Record set -

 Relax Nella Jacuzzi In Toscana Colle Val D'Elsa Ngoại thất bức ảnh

* * *

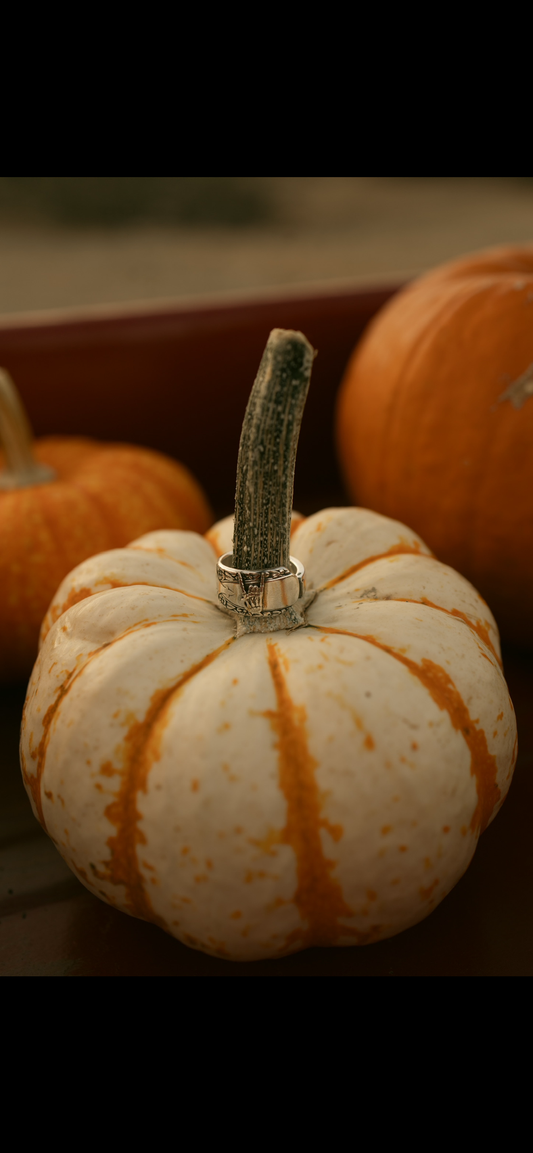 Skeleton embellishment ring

---

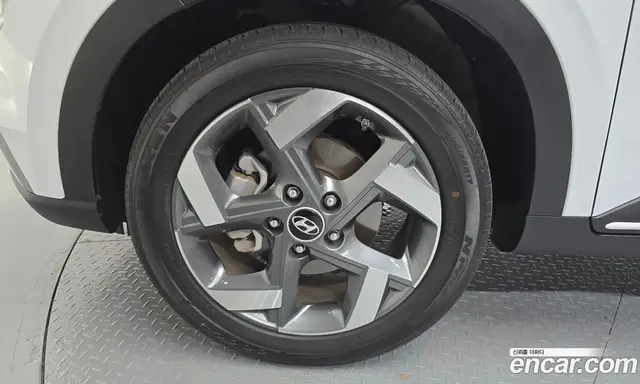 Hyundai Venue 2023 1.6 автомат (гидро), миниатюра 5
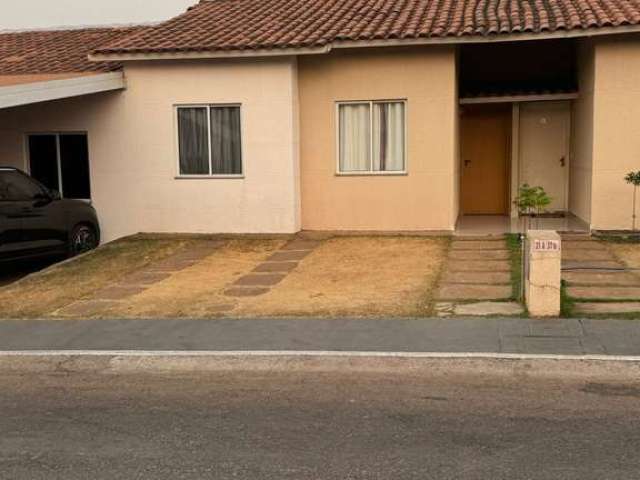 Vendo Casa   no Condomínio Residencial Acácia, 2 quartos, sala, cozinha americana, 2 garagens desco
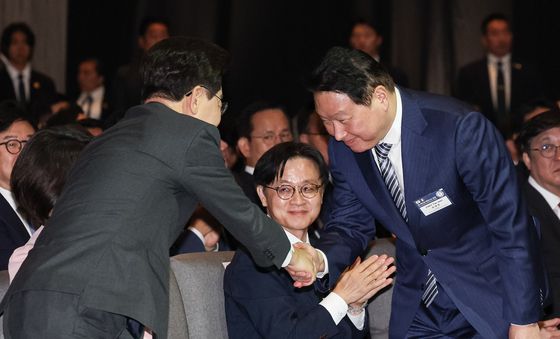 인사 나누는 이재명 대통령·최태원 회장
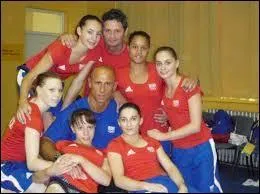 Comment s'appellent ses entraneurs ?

Exercise directions -
Give back exactly the lines of the listing above from the one that contains "2 garagens desco" up to and including the one that contains "Comment s'appellent ses entraneurs ?", but not the pictures, and no other lines.

The answer -
 Vendo Casa   no Condomínio Residencial Acácia, 2 quartos, sala, cozinha americana, 2 garagens desco
 인사 나누는 이재명 대통령·최태원 회장
 Comment s'appellent ses entraneurs ?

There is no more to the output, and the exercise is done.